Regarding Security errors (not red): could you write down an example?
They all seem to be the same:-
Event ID: 615
"IPSec Services: IPSec Services failed to get the complete list of network interfaces on the machine. This can be a potential security hazard to the machine since some of the network interfaces may not get the protection as desired by the applied IPSec filters. Please run IPSec monitor snap-in to further diagnose the problem."
Possible causes: IE and IIS are blocked by my firewall, and need permission to connect to the net. I very, very rarely use either.
Regarding Seamonkey, it looks like an obvious candidate, appearing so much in the Event log.
I agree. In fact, when it first started being the active program at reboots, I reinstalled an earlier version which had run faultlessly for about a year prior to the reboot problem. Then, I recalled that the first 8 reboots had all occurred with another program, but which had been run much more frequently at the start of the reboots. So, frequency of running startups was determining which programs were likely reboot candidates.
One other clue - although I have broadband, I tend to disconnect unless there is a need to be connected. A fair number of the reboots have taken place when disconnected.

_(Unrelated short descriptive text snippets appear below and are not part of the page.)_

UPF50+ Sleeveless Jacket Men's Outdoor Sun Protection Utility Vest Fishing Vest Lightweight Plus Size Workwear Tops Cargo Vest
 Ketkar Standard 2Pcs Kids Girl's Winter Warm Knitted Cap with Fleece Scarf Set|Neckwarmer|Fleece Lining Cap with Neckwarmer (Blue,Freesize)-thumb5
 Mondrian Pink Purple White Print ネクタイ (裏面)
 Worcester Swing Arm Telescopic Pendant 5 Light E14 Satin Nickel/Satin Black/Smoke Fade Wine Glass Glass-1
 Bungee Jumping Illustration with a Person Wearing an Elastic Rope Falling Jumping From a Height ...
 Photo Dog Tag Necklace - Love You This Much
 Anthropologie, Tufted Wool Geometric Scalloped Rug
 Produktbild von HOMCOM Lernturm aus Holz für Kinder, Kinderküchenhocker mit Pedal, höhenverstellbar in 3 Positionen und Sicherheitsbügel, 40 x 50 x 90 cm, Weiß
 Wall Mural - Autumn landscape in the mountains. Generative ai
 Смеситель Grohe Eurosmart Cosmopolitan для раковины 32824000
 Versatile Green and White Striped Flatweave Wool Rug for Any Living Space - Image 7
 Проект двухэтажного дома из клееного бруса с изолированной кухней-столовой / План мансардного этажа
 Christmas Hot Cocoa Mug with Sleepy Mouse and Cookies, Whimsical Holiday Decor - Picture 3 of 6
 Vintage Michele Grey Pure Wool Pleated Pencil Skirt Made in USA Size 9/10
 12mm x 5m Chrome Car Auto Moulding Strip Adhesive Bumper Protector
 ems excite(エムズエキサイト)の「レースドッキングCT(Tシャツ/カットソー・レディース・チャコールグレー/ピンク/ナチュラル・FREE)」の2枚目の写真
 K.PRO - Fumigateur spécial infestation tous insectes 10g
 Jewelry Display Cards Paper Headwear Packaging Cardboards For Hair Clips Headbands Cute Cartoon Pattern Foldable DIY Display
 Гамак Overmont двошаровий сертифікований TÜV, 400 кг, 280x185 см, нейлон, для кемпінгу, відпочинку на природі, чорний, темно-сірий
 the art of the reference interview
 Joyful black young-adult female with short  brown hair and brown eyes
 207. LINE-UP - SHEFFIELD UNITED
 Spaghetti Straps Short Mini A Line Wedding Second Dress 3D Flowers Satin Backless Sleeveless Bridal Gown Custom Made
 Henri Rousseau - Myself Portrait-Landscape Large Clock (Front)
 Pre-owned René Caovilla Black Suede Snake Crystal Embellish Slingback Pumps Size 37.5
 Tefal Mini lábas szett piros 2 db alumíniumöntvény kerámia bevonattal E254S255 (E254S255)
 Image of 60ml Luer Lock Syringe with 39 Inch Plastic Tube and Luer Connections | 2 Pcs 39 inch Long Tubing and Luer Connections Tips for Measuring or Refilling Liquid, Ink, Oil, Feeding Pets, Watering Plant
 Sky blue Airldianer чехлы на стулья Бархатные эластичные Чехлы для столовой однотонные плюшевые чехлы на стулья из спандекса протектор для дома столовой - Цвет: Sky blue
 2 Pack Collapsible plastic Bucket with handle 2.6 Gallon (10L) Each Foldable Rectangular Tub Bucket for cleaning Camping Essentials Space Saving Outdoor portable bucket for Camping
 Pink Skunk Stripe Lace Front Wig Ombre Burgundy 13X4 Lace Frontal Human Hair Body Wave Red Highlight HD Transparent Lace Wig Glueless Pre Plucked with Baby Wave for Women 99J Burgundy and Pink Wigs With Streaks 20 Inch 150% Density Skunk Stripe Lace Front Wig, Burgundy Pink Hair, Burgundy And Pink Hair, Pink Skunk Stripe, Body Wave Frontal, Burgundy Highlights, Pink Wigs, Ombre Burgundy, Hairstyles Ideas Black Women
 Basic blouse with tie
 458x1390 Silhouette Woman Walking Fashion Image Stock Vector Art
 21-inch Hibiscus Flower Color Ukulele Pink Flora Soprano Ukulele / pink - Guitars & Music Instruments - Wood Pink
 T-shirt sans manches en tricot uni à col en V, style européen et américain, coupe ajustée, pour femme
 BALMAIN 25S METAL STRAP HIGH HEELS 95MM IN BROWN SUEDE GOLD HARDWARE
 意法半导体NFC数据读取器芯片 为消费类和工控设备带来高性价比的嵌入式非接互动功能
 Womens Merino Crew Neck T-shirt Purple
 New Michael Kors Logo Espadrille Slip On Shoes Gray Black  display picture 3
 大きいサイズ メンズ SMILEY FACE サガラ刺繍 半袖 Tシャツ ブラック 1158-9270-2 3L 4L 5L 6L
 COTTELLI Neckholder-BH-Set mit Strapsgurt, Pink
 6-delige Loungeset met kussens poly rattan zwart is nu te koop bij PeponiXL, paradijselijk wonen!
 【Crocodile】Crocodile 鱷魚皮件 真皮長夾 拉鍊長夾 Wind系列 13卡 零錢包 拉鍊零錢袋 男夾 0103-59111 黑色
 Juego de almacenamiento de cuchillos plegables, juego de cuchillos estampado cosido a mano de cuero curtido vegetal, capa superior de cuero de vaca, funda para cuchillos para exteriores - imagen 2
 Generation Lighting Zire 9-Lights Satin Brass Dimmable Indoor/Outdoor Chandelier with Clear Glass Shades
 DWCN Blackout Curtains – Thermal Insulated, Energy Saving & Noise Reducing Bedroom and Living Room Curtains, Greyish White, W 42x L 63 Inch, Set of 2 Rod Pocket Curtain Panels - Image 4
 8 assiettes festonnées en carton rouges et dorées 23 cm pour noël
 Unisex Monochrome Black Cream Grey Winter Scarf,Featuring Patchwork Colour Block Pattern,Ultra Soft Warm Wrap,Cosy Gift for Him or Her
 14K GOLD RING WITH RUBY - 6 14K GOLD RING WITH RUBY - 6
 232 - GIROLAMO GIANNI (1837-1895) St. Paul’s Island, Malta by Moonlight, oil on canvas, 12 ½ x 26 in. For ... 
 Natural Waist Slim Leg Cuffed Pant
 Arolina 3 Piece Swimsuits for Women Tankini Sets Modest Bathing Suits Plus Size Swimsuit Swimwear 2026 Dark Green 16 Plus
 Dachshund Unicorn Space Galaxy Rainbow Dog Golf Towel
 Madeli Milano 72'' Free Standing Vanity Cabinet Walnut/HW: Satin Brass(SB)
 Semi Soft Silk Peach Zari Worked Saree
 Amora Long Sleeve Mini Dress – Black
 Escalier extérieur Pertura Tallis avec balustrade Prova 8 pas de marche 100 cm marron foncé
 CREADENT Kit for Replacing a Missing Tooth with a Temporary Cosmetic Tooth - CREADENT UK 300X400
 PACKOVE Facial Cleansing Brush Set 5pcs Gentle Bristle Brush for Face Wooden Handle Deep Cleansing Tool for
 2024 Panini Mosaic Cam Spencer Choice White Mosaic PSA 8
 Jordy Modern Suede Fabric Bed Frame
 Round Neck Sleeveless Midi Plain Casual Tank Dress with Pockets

I will follow up your suggestions about the hard drive scan and USB driver reinstall, and report back.
In general, I hope you don't mind me asking why your hard disk is divided into so many partitions.
A mix of factors. To start with, I am a geek, and have been for more than a couple of decades. As a freelance software developer I have long running projects, and it is convenient to separate them into their own filing cabinets. Add to that a few peccadilloes, idiosyncracies and the way that my mind works best. Also, in the case of physical disaster, I can live with losing a partition, but the loss of all if there was only C: drive would be unbearable. The withdrawal symptoms from total loss would have me in a padded cell before you could blink.
So, C: drive is for Windows only (or it would be if there were not so much unthinking third party software that installs on C: without the courtesy of a user option). J: is pretty full with sources for downloaded utilities and packages. D: is for current copies of third party software.
When I ordered the machine in 2004, the original size spec allowed for Win98 SE to expand into the rest of C: at a gentle and leisured pace. What I did not anticipate was a project requiring XP Pro + IIS + .NET framework + miscellaneous other requisites, or how much bloatware that would amount to.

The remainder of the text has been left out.